Marianne Ophardt, WSU Benton County ExtensionNovember 8, 2013 

Now that the outdoor gardening season has ended, gardeners don't have to be twiddling their green thumbs. Keep them busy -- grow a windowsill herb garden.

If you have a sunny windowsill, all you need is a waterproof tray and some pots that will fit on the sill, quality potting mix and herb plants or seeds. The herbs will do best in a south- or west-facing window that can provide four to six hours of direct sunlight a day.

You can go the fancier route and buy a special windowsill herb garden tray and pots. Some come planted with herbs. If you prefer to keep it simple, look for a long plastic tray that will accommodate several pots, or use pots with individual saucers. Make sure the tray or saucers are waterproof so you don't damage the sill. Pots should be at least four inches wide and 6 to 8 inches deep, with a hole in the bottom for drainage. I prefer glazed pottery pots, but plastic or terra cotta clay pots work too.

I recommend growing about three to five different herbs. Select the herbs that are easiest to grow indoors and ones you'll enjoy using to cook. Herbs that grow well indoors are chives, marjoram, parsley, rosemary, sage, thyme and winter savory.

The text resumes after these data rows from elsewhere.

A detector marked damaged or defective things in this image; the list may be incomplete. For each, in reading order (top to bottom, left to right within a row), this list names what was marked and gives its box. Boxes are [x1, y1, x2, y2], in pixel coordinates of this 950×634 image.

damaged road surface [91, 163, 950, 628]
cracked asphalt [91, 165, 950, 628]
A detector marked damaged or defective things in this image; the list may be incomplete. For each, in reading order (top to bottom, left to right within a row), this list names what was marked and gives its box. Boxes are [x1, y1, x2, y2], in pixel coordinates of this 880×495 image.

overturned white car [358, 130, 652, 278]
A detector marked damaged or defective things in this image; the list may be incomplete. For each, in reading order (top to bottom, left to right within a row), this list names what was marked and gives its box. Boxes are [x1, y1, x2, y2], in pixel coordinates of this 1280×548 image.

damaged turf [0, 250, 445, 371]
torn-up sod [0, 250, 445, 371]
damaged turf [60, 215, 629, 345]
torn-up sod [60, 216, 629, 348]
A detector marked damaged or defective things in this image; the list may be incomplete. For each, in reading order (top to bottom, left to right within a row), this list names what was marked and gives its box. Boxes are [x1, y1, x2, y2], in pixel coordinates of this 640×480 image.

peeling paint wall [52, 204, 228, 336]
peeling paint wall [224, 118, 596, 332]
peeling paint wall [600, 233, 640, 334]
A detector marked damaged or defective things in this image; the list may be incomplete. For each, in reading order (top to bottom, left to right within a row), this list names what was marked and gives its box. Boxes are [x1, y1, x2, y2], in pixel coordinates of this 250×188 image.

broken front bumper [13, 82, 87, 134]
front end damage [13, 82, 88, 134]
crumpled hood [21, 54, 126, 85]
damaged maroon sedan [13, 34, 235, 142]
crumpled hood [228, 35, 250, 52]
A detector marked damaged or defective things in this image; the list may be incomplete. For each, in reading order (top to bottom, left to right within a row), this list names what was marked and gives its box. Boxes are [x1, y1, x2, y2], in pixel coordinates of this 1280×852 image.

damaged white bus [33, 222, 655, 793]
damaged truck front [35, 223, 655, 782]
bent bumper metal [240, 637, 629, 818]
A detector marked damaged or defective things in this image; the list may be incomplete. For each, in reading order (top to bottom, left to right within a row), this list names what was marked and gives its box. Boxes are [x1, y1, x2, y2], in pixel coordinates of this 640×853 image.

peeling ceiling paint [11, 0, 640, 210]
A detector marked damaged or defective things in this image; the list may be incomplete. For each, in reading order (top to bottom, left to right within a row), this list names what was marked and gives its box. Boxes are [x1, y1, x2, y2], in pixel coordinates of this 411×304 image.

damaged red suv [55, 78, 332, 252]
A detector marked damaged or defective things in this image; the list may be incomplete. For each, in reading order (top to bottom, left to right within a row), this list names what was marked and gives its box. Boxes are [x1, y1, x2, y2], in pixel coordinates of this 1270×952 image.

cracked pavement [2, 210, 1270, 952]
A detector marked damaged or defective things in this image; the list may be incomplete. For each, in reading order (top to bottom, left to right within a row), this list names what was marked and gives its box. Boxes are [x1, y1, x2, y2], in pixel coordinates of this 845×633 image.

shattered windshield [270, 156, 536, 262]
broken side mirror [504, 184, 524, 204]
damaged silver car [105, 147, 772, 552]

While sweet basil is a favorite herb of many gardeners, it doesn't do well in windowsill herb gardens.

You might be able to find small herb plants at local nurseries or buy seeds to start your own. Some start plants for growing indoors by root cuttings taken during the growing season from their outdoor garden herbs, like rosemary, sage, thyme and mint.

Next is quality potting mix. Don't use soil from the garden, because it is not sterile and it does not drain well. A quality potting mix for indoor growing has a blend of materials that hold moisture and provide drainage. I like ones that have a combination of peat moss, perlite, vermiculite or sand, and avoid those with lots of dark, partially composted organic matter.

Place a piece of screen or fabric garden mulch over the hole in the bottom of each pot, and then add some potting mix. Place the herb plant with its loosened roots into the pot and fill in around the roots with the mix. The base of the plant should be at the same depth as it was in its previous pot. Leave about a half-inch of space between the mix and the top of the pot. This will allow room for watering. (If planting seeds, follow the directions on the seed packet.)

Once your plants recover from transplanting and start to fill the pot, snip off leaves whenever you need them. Trim your herbs occasionally to keep them neat and tidy. Leggy growth indicates too little light. If your potting mix contains fertilizer, you shouldn't need to fertilize your plants for a while. If not, use a water soluble houseplant fertilizer.

Keep the potting mix moderately moist. Most herbs do best when the soil is not wet. Monitor the moisture in the pots frequently, using your finger to check below the surface. (Note that mix in terra cotta pots will dry out more quickly.)

-- Marianne C. Ophardt is a horticulturist for Washington State University Benton County Extension.